Tuesday, April 20, 2010

Life Explained ***

On the first day, God created the dog and said, "Sit all day by the door of your house and bark at anyone who comes in or walks past. For this, I will give you a life span of twenty years."

The dog said, "That's a long time to be barking. How about only ten years and I'll give you back the other ten?"

So God agreed.....

On the second day, God created the monkey and said, "Entertain people, do tricks, and make them laugh. For this, I'll give you a twenty-year life span."

The monkey said, "Monkey tricks for twenty years? That's a pretty long time to perform. How about I give you back ten like the dog did?"

And God agreed......

On the third day, God created the cow and said, "You must go into the field with the farmer all day long and suffer under the sun, have calves and give milk to support the farmer's family. For this, I will give you a life span of sixty years."

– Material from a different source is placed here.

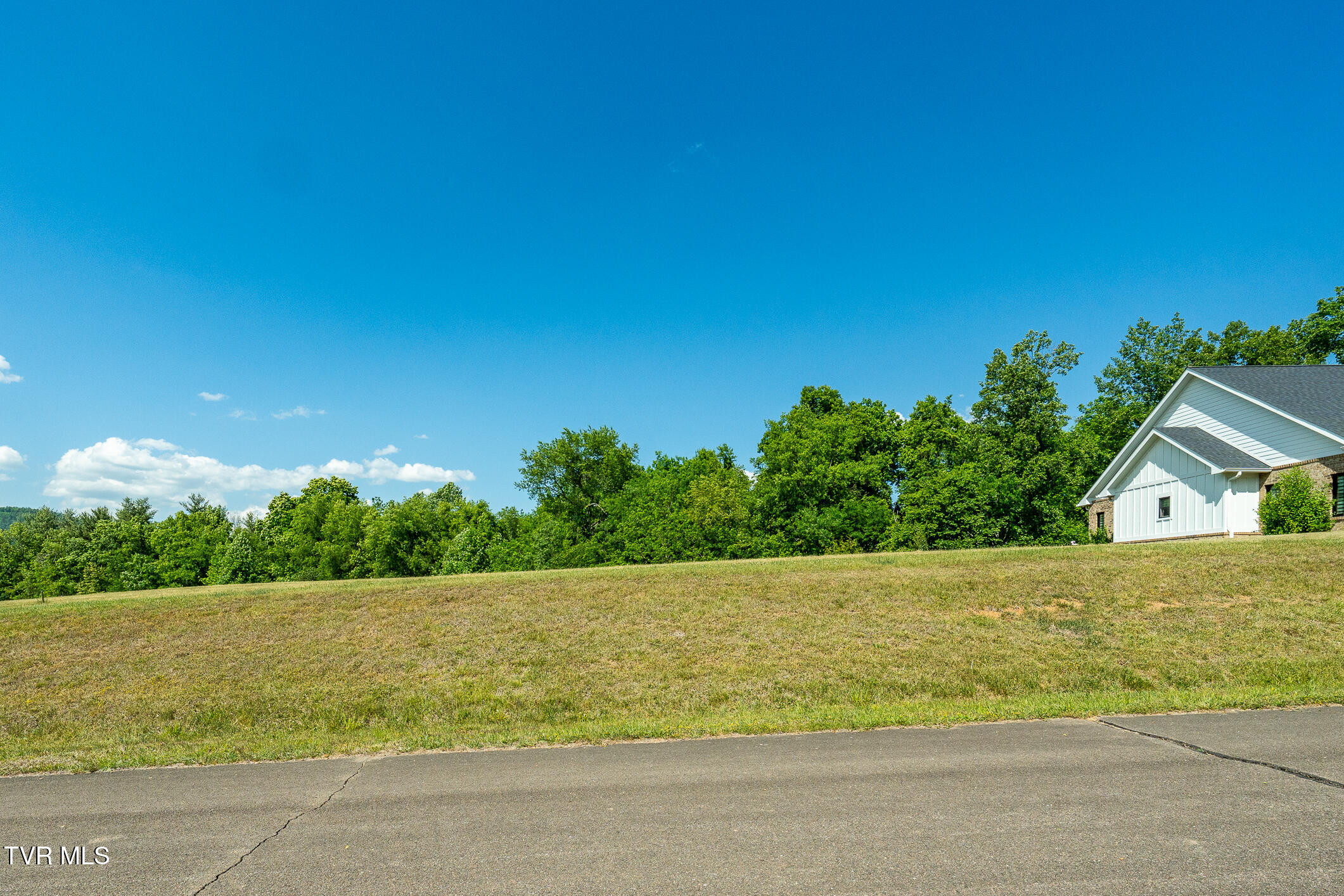 Tbd Deer Ridge Court, Unit LOT 6 Butler, TN 37640 - Photo 3 of 33 DEER RIDGE CT (23 of 34)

The cow said, "That's kind of a tough life you want me to live for sixty years. How about twenty and I'll give back the other forty?"

And God agreed again......

On the fourth day, God created humans and said, "Eat, sleep, play, marry and enjoy your life. For this, I'll give you twenty years."

But the human said, "Only twenty years? Could you possibly give me my twenty, the forty the cow gave back, the ten the monkey gave back, and the ten the dog gave back; that makes eighty, okay?"

"Okay," said God. "You asked for it."

So that is why for our first twenty years, we eat, sleep, play and enjoy ourselves. For the next forty years, we slave in the sun to support our family. For the next ten years, we do monkey tricks to entertain the grandchildren. And for the last ten years, we sit on the front porch and bark at everyone.

Life has now been explained to you.

There is no need to thank me for this valuable information. I'm doing it as a public service.

Monday, April 12, 2010

Just a Tap on the Shoulder ***

A passenger in a taxi leaned over to ask the driver a question and gently tapped him on the shoulder to get his attention.

The driver screamed, lost control of the cab, nearly hit a bus, drove up over the curb and stopped just inches from a large plate glass window.

For a few moments everything was silent in the cab.

Then, the still-shaking driver said, 'Are you OK? I'm so sorry, but you scared the daylights out of me.'

The badly-shaken passenger apologized to the driver and said he didn't realize that a mere tap on the shoulder would startle the driver so badly.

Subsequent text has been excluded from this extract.